[Image-caption web data]
################
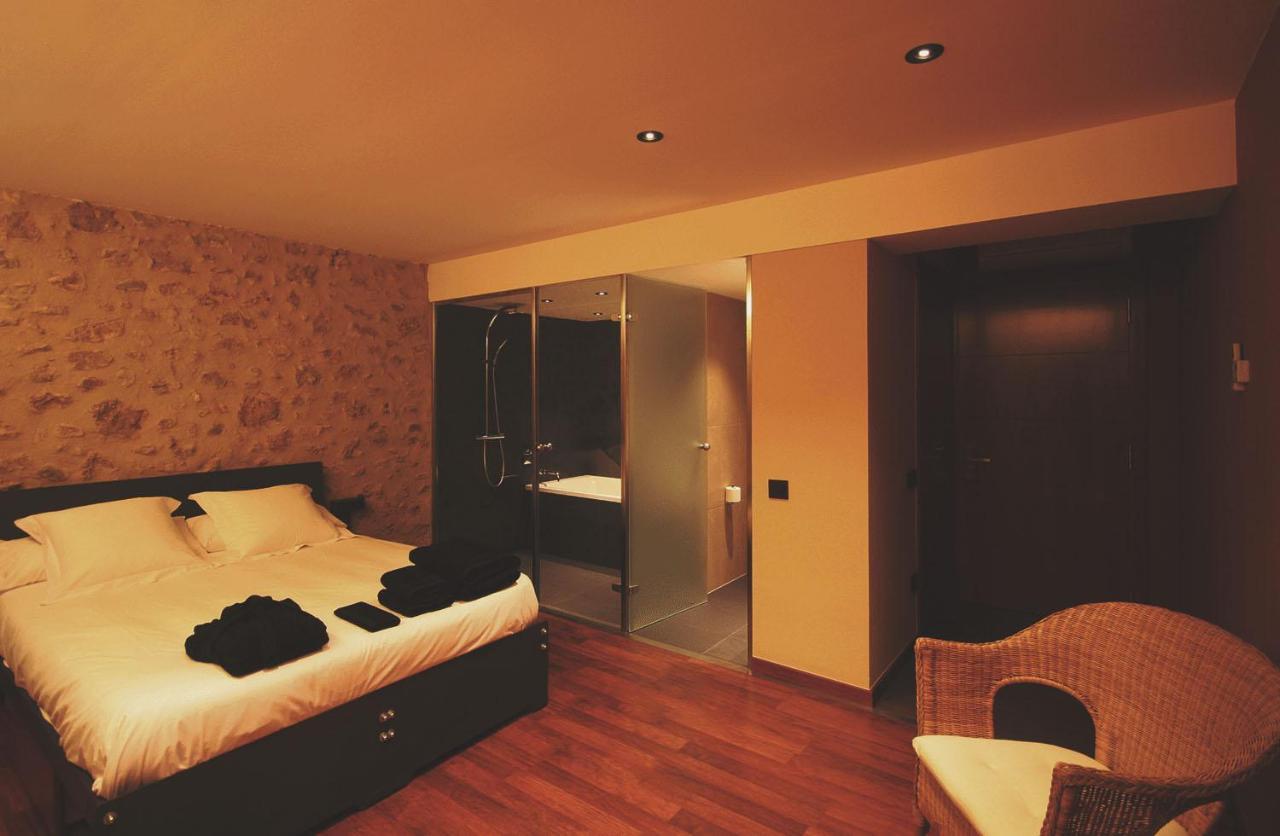 Hotel Mas Oliveres Pla De Palau Llers Bagian luar foto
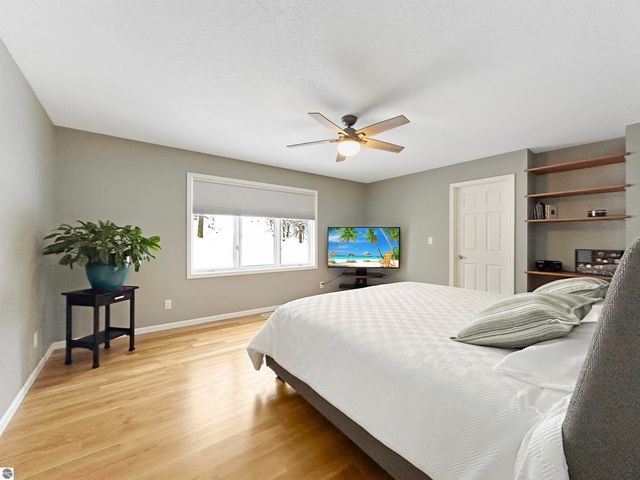 1390 Nightingale Lane, Kingsley, MI 49649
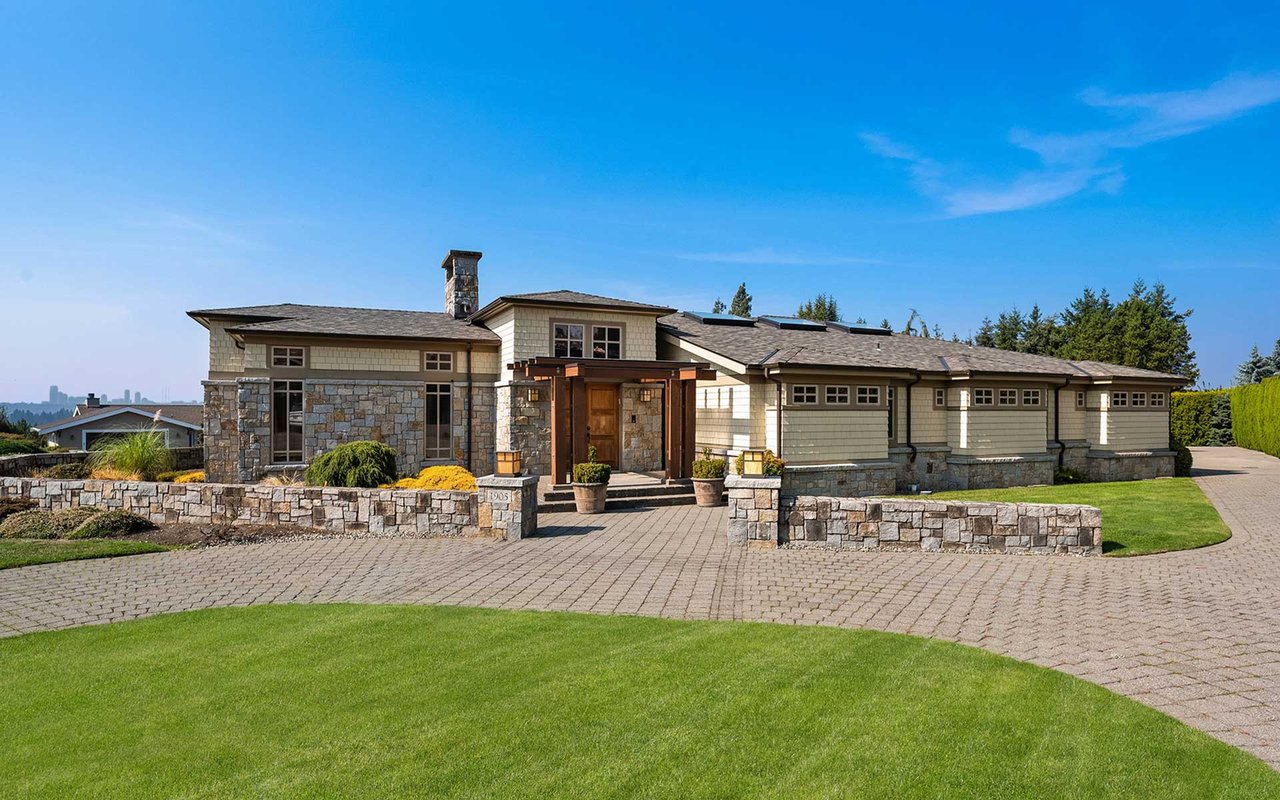 1905 91st Avenue NE, Clyde Hill 98004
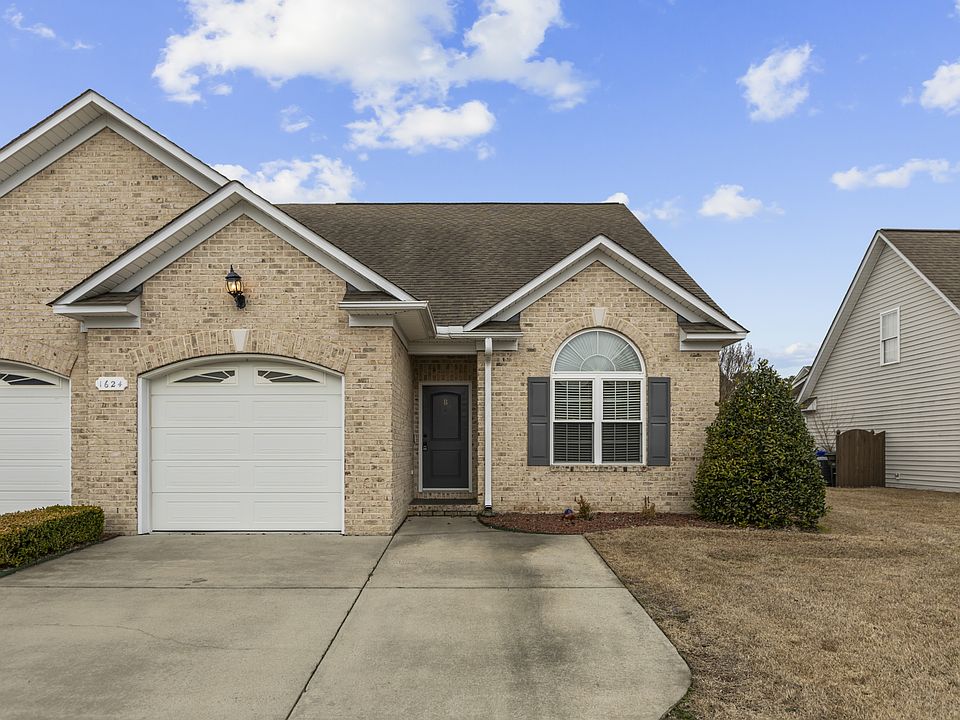 1st image of 1624 Brook Hollow Dr Unit 1-B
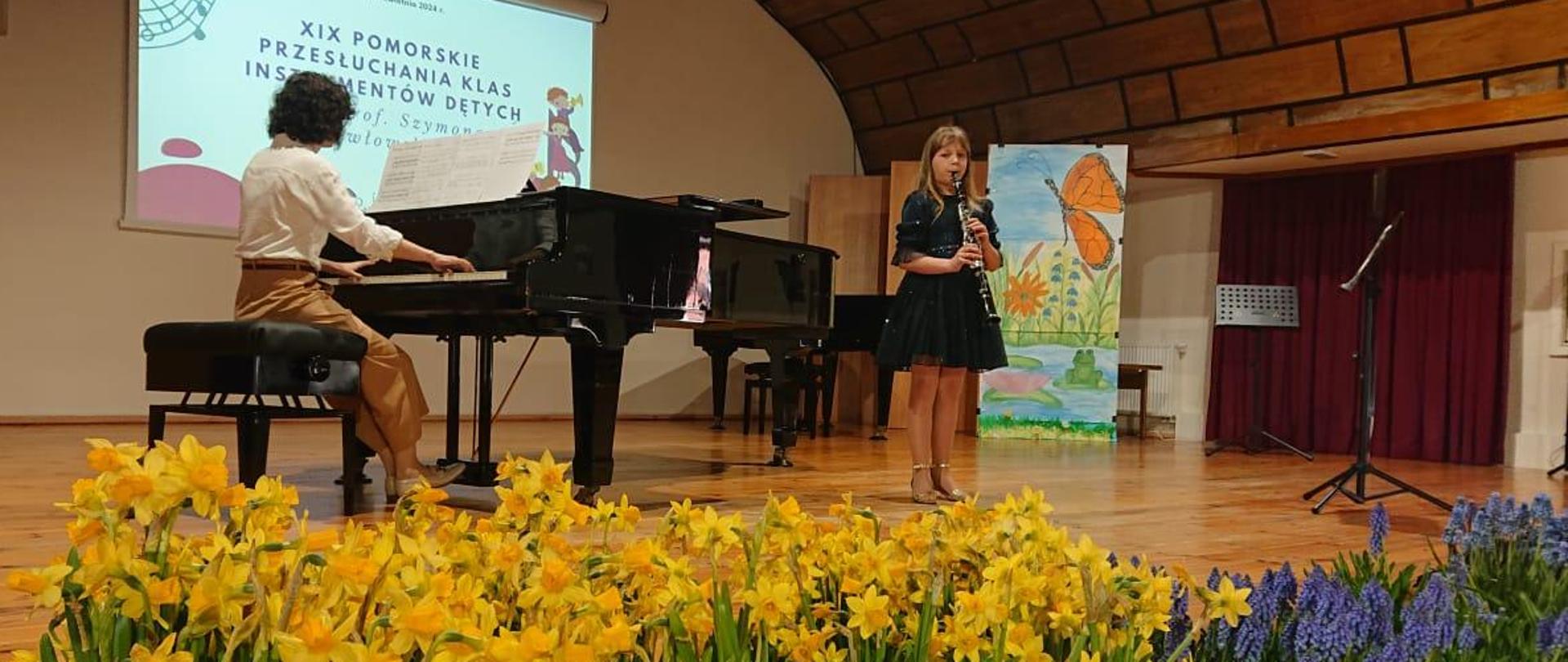 na scenie uczennica grająca na klarnecie i akompaniatorka
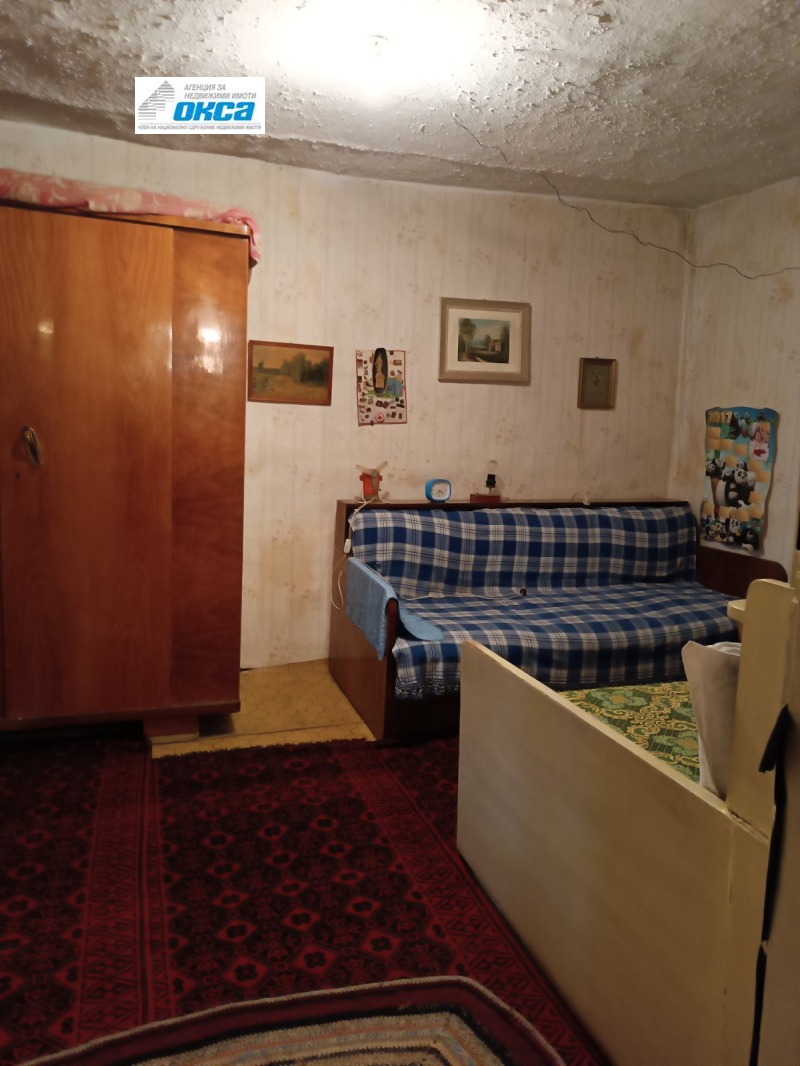 Продава КЪЩА, с. Горна Митрополия, област Плевен, снимка 3 - Къщи - 45819706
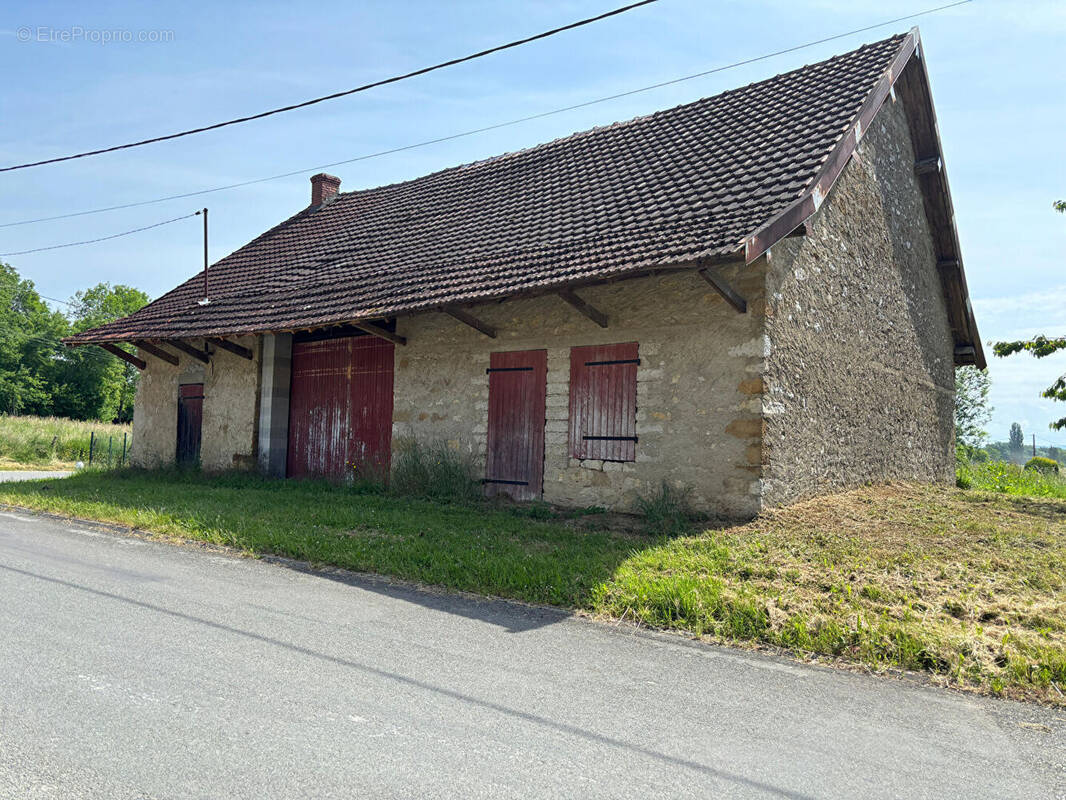 Maison à LE VILLEY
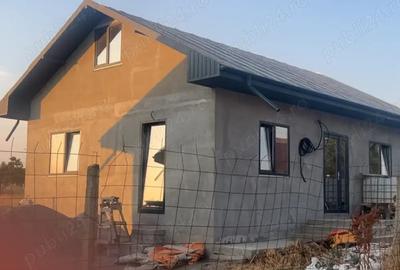 Casa de vanzare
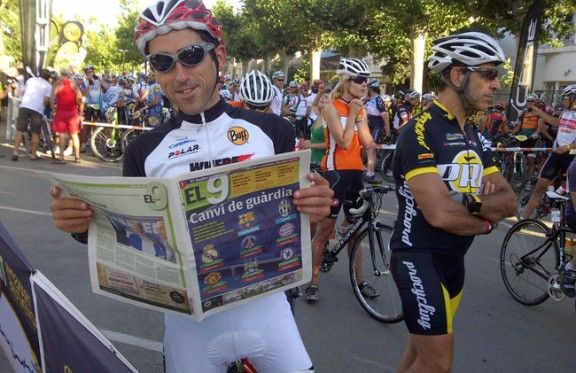 Borja Sànchez combina la faceta de ciclista i periodista.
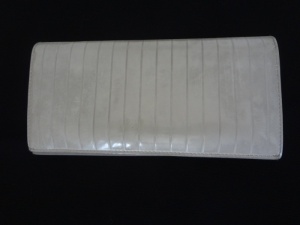【Dior】　ディオールの白い財布をクリーニング、修理ブログNO.０６３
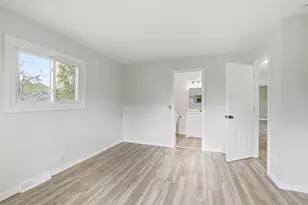 8016 81st Ave N, Brooklyn Park, MN 55445 - Photo 11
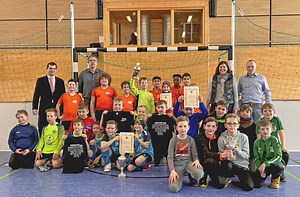 Grundschulen mit Fußball-Kreismeisterschaft: Wallenfelser holen sich den Titel - Neue Presse Coburg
################
(WHAT THE EXERCISE ASKS): A word-for-word copy is needed of the lines from the line holding "1st image of 1624 Brook Hollow Dr Unit 1-B" through the end of the records, both included, excluding every picture.

(OUTPUT):
 1st image of 1624 Brook Hollow Dr Unit 1-B
 na scenie uczennica grająca na klarnecie i akompaniatorka
 Продава КЪЩА, с. Горна Митрополия, област Плевен, снимка 3 - Къщи - 45819706
 Maison à LE VILLEY
 Casa de vanzare
 Borja Sànchez combina la faceta de ciclista i periodista.
【Dior】　ディオールの白い財布をクリーニング、修理ブログNO.０６３
 8016 81st Ave N, Brooklyn Park, MN 55445 - Photo 11
 Grundschulen mit Fußball-Kreismeisterschaft: Wallenfelser holen sich den Titel - Neue Presse Coburg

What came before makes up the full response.